Class 13 - Review (10/3/2017, Tuesday)

2nd Gateway

You must pass the second Gateway by Oct 13, Friday. Otherwise, your grade will be damaged a lot!

Webwork

• 8.5 due 10/4 Wed
• 4.8 due 10/7 Sat

Quiz 3

Tomorrow

Team HW 3 Hints

Team HW 3 will appear on Quiz 3. Here are some guidelines to initiate solving them.

1a. Don't look at the erroneous solution, but just solve it on your own. Take $t = x^{2}$ so that you get $dt = 2xdx$ which gives $xdx = (1/2)dt.$ Make sure you change bounds in $x$ to bounds in $t.$ Then look at the erroneous solution to figure out the nonsense.

1b. Don't look at the erroneous solution, but just solve it on your own. Take $u' = x$ and $v = \ln(x).$ Then $u = x^{2}/2$ and $v' = 1/x,$ so use integration by parts. Then look at the erroneous solution to figure out the nonsense.

1c. Don't look at the erroneous solution, but just solve it on your own. Take $t = (x - 1)/2$ so that $dt = (1/2)dx$ and thus $dx = 2dt.$ Change the bounds carefully. Then look at the erroneous solution to figure out the nonsense.

1d. Don't look at the erroneous solution, but just solve it on your own.

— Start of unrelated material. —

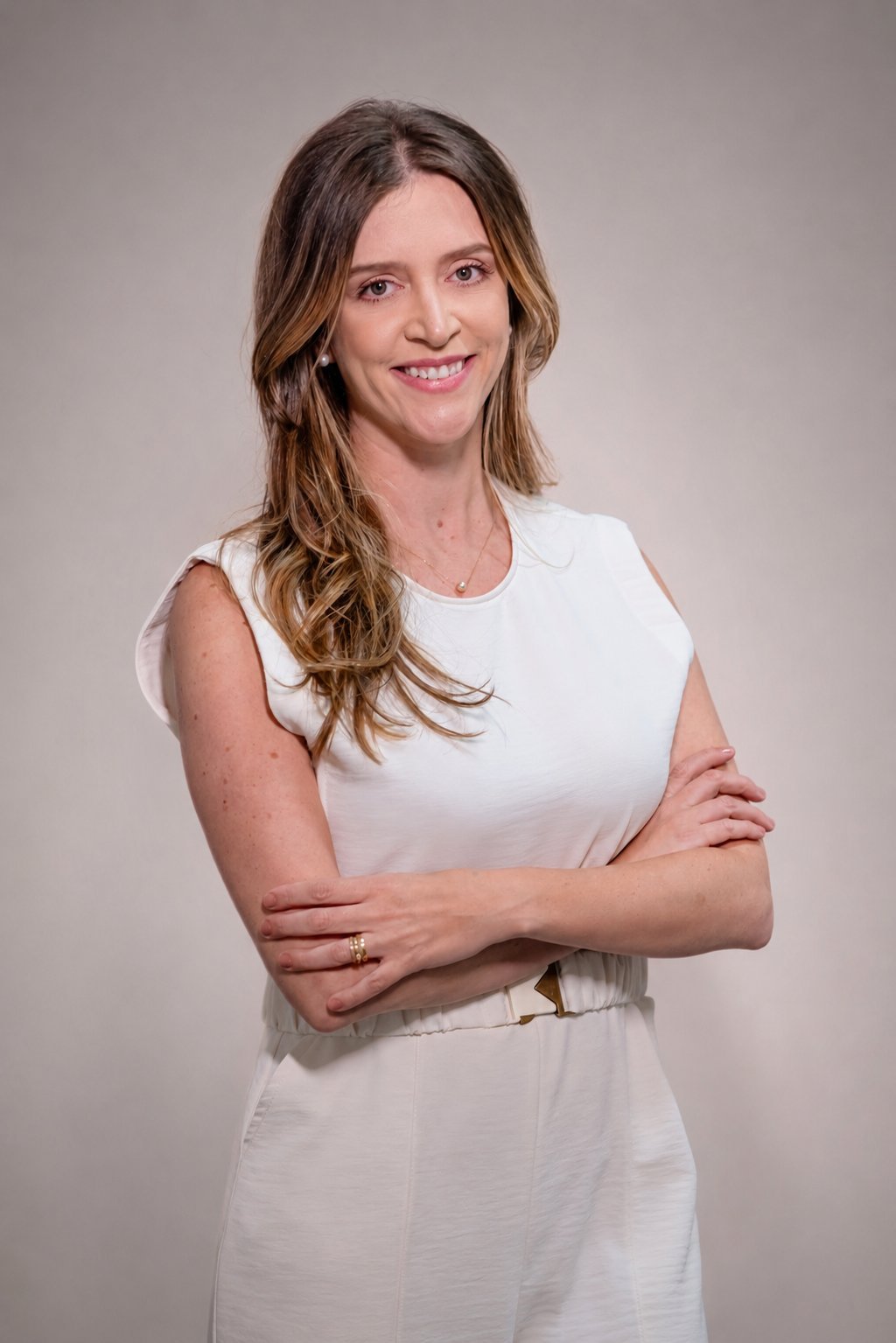 Dra. Marina Costa Jonas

The antiderivative must be

\[Q(x) = 3 + \int_{1}^{x}q(t)dt.\]

A quick way to check whether the above is correct is to check $Q(1) = 3.$ Now, compute the rest and look at the erroneous solution to figure out the nonsense.

2a. The "line segment" here means the part of the line on the $xy$-plane, which has slope $-2.5$ passing through $(1, 0).$

2b - i. You can do this on your own. Just read the problem carefully.

2b - ii. I apologize that the wording of the problem is extremely confusing. Assume that the shortest side of such a triangle has length $x$. Now, compute the lengths of the other two sides of the triangle in terms of $x.$

2b - iii. Use Part ii.

2c. Find the volume of each slice. Thickness will be $dy$ and the area will be given by 2b - iii. Multiply them and write everything in $y.$ Look at where $y$ varies. Units will be observed when you compute the volume of a slice.

3a. Recall how midpoint and trapezoid approximations are related to concave down functions. Draw a picture to remember what the relationship was.

3b. Remember, this means $8$ subintervals and taking heights of the rectangles in the middle.

3c. Don't listen to the suggestion in the document. Compute the left-hand side and the right-hand side separately and see that the two computations match. This is much faster than simplification.

3d. Recall the arc length formula. Indeed, 3c will be helpful.

3e. Use your intuition. This is what people call isometry. A rigorous explanation should involve the fact the such a transformation (only involving reflection and shifting) does not affect the integral. This problem is too theoretically phrased, but it does contain some good lessons.

4a. Have fun!

4b. Ask me this in person if you get stuck.

4c. I think it means circumference of the region $\mathcal{R},$ but don't count on me.